Dabei wackelte und patzte Kiraly zu Anfang, erhielt aber auch weiterhin das Vertrauen - und entwickelte sich zu einem der herausragendsten Schlussmännern der Bundesliga. In dieser Zeit entwickelte sich auch der "Schlabberhosen-Look", der darauf zurückzuführen war, dass Berlins Zeugwart einst die richtige Kleidung von Kiraly nicht parat hatte. Weil er zunächst als Nummer drei eingeplant war und durch Zufall zum Einsatz kam, war außer der "Schlabberhose" nichts anderes da. Der Ungare spielte in Jogginghose, gewann neunmal in Folge und machte die Hose zu seinem Glücksbringer und Markenzeichen.

Nach 252 Spielen für die Alte Dame - darunter 32 Spiele auf internationaler Bühne - folgte eine dunkle Zeit in Kiralys privatem Leben. Zum Jahreswechsel 2004 wurde eine schwere Depression bei dem Keeper diagnostiziert und Kiraly zog es aus Berlin fort. Beim englischen Erstligisten Crystal Palace fasste der Ungare wieder Fuß und überwand die Depression mit der Unterstützung von Gyula Grosics - dem ungarischen Nationaltorwart vom WM-Finale 1954.
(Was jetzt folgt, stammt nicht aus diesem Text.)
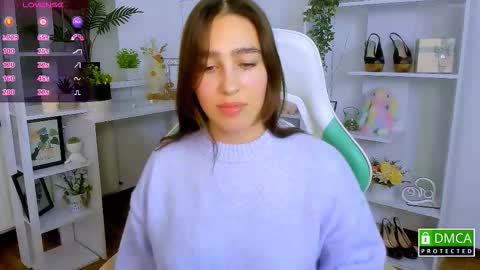 Lizzy  online show from December 14, 9:52 pm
Kiraly eröffnet Sportzentrum

Crystal Palace, Aston Villa und der FC Burnley waren daraufhin Kiralys Stationen in England und der Ungare sammelte fleißig Erst- und Zweitligaspiele, ehe er nach Deutschland zurückkehrte. Bayer Leverkusen lieh den erfahrenen Mann für eine Bundesliga-Saison als Ersatzmann aus, bevor er sich anschließend ablösefrei dem TSV 1860 München in der 2. Bundesliga anschloss. 178 Pflichtspiele für die Münchener Löwen folgten, ehe er aufgrund von Handgreiflichkeiten gegen Abwehrspieler Gary Kagelmacher suspendiert wurde - und mit dem Abstieg in die 3. Liga verabschiedete sich Kiraly erneut nach England. Über den FC Fulham landete er 2015 erneut bei seinem Heimatverein in Ungarn.

Im zarten Alter von 43 Jahren spielte Kiraly dort noch bis zum letzten Sommer, ehe er die Fußballschuhe - und die graue Schlabberhose - an den Nagel hing. Seitdem baut sich der Ungare in seiner Heimatstadt eine Torwartschule auf, die sich mittlerweile zu einem ganzen Sportzentrum weiterentwickelt hat. Auf fünf Spielplätzen und einem Kleinfeld-Platz soll in Zukunft eine Möglichkeit für Mannschaften aus ganz Europa entstehen, ein komplettes Trainingslager in Ungarn unter besten Bedingungen zu absolvieren.

Ganz aufgegeben hat Kiraly die Jogginghose dann auch nicht: In einem Online-Shop, den der Ungare nebenberuflich führt, bietet er das Kult-Kleidungsstück zum Preis von 9.000 Forint (25 Euro) an. Und in der Coronakrise zeigt sich der inzwischen 44-Jährige ganz solidarisch und verkauft die Schlabberhose sogar mit 25 Prozent Rabatt.